The US Dollar Index (DXY), an index of the value of the US dollar (USD) measured against a basket of six global currencies, is currently near 100.10 during Asian trading hours on Monday. DXY remains stable near a monthly high amid escalating tensions in the Middle East and rising expectations of a Federal Reserve (Fed) interest rate hike.
The Israel Defense Forces (IDF) said it struck military targets in western and central Iran hours after Iran fired a volley of rockets into northern Israel, the BBC reported on Monday. Iranian state television reported that sounds of explosions were heard in Isfahan, Tabriz and Tehran, but gave no details.
US President Donald Trump said on Sunday he would tell Israeli Prime Minister Benjamin Netanyahu not to strike back after Iran fired a volley of missiles at Israeli targets in retaliation for an attack on a “beirut suburb,” according to Axios. Rising tensions in the Middle East may raise flows to safe and sound havens, supporting the US dollar against rivals in the near future.
In May, the US economy recorded its third consecutive month of mighty job growth. According to the Bureau of Labor Statistics, the U.S. nonfarm payroll (NFP) employment rate increased by 172,000 in May. compared to an raise of 179 thousand (corrected from 115 thousand). This number turned out to be higher than market expectations of 85,000. Additionally, the unemployment rate in May remained unchanged at 4.3%, in line with market consensus.
According to CME’s FedWatch tool, markets are now pricing in a greater than 70% probability that the Fed will raise interest rates in December, a piercing raise from a 45% probability a week ago.
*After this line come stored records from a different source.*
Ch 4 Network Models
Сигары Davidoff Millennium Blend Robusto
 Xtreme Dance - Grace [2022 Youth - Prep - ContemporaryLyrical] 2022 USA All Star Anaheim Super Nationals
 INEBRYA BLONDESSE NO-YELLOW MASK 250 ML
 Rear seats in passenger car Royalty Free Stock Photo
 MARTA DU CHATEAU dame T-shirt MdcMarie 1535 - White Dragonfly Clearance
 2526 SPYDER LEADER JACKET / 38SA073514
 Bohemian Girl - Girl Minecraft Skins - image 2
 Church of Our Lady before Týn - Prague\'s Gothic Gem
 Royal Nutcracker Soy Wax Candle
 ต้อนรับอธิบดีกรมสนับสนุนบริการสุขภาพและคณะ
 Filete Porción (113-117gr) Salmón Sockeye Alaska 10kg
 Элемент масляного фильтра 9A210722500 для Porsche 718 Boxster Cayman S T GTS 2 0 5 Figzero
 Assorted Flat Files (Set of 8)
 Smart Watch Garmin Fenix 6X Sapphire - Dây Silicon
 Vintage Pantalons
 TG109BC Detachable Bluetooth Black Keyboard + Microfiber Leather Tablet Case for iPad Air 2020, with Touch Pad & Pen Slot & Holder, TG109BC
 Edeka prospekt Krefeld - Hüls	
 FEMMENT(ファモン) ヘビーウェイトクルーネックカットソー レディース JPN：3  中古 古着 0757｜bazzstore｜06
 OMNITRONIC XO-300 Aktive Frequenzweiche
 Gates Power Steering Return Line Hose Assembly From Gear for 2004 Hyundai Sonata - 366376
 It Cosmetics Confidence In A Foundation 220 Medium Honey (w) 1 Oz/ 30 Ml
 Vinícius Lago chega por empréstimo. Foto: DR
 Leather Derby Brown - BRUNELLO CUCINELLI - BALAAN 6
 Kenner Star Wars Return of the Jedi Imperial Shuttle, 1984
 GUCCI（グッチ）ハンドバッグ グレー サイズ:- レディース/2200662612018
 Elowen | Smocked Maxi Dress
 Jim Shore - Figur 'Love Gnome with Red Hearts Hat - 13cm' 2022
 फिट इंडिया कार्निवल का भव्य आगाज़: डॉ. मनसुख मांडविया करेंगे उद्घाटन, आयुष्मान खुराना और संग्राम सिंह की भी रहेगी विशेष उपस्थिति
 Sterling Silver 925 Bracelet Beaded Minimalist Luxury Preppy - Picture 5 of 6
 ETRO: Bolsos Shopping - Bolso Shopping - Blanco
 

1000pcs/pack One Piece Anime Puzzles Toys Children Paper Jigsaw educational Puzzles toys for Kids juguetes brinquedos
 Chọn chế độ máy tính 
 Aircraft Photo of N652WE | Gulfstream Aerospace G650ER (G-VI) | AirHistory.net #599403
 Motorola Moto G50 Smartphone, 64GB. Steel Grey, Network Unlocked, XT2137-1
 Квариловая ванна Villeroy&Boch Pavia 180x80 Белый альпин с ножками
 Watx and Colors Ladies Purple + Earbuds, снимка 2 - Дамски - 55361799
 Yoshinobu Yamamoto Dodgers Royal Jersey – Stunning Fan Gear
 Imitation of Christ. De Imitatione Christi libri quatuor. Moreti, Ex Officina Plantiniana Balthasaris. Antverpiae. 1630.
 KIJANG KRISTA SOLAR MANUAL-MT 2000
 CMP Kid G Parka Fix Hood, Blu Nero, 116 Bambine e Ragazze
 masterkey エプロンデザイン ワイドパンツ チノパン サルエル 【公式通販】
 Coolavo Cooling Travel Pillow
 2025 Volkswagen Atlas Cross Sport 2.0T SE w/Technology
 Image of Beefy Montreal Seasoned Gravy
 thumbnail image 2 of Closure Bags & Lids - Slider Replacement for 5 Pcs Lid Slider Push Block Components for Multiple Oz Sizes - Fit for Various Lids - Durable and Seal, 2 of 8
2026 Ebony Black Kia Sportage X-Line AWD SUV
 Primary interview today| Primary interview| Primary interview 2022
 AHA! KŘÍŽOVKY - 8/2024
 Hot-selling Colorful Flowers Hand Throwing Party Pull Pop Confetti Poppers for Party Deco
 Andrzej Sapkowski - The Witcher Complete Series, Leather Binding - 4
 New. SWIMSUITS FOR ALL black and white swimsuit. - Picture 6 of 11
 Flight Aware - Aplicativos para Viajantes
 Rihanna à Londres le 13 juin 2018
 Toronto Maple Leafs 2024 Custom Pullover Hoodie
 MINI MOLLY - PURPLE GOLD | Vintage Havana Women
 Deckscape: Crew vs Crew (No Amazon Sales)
“The released U.S. wages report… paints a picture of a U.S. labor market that is strengthening despite the ongoing energy price shock,” said Jonas Goltermann, chief markets economist at Capital Economics.
“This combination makes Fed tightening later this year increasingly likely… we now expect the FOMC to deliver two 25 basis point rate increases later this year in response to the energy supply shock and a renewed acceleration in the U.S. labor market,” Goltermann added.
US Dollar FAQs
The United States dollar (USD) is the official currency of the United States of America and the “de facto” currency of a significant number of other countries where it circulates alongside local banknotes. As of 2022, it is the most popular currency in the world, accounting for over 88% of all global foreign exchange turnover, or an average of $6.6 trillion in transactions daily. After World War II, the US dollar took over from the British pound as the world’s reserve currency. For most of its history, the US dollar was backed by gold until the Bretton Woods Agreement in 1971, when the gold standard was abolished.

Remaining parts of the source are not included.